Karolin Klüppel a vécu entre 2013 et 2015 dans le village Khasi de Mawlynnong dans l’état indien de Meghalaya où un système matriarcal très particulier existe. La plus jeune des filles est donnée comme première dans l’ordre de succession. Lorsqu’elle se marie, l’époux va dans la famille de sa femme et les enfants du couple reçoivent le nom de la mère. Dès lors et particularité rarissime: seule la naissance d’une fille garantit la continuité d’un clan.
La photographe allemande en a rapporté des images magiques où le réel semble, pour un regardeur occidental, se mêler à l’imaginaire. Moins qu’à un souci documentaire (même s’il est loin d’être secondaire) Karolin Klüppel reste à la recherche d’une photographie pure qui doit autant à son langage qu’à son sujet. Symboliques à leur manière ces photographies offrent le passage d’une réalité présente à une réalité qui tord le cou a pas mal d’idées reçues.

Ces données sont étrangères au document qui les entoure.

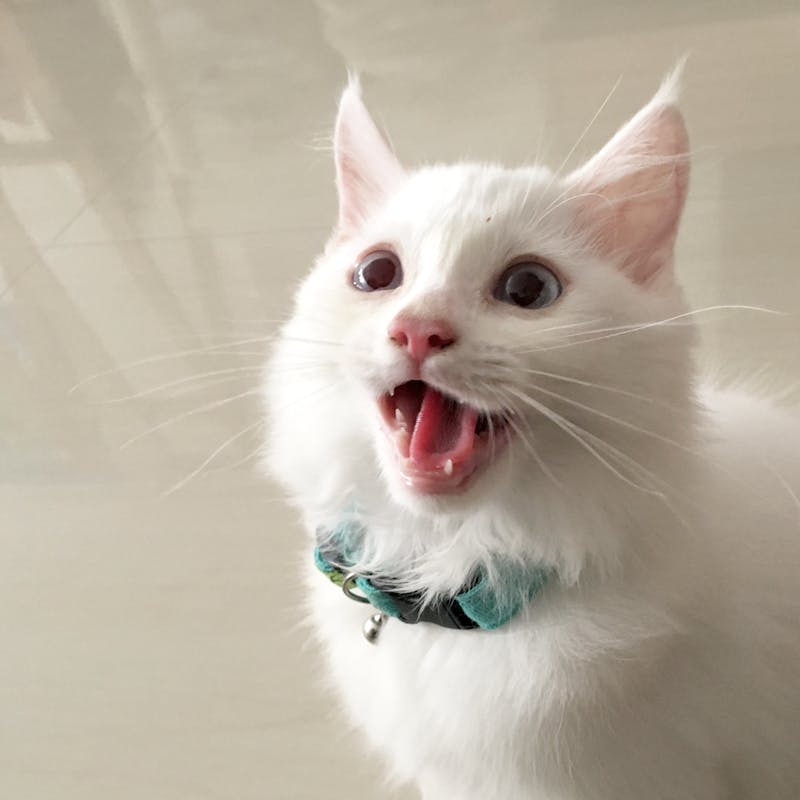 Spring Landscaping Tips for Jacksonville Homes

Surgit une théâtralité particulière qui acquiert un pouvoir physique non de survivance mais de surréalité. Elle est aussi l’interrogation constante des relations entre ce que la culture mondiale impose et ce qu’une culture particulière peut proposer. Les photographies deviennent des puits d’émergence d’une logique où une emprise subtile crée la remise en question fondamentale des notions de culture et de l’image qui en deviennent la porte-empreinte. C’est sans doute pourquoi la poésie à l’œuvre dans cette série a toujours quelque chose à « dire » et à dévoiler.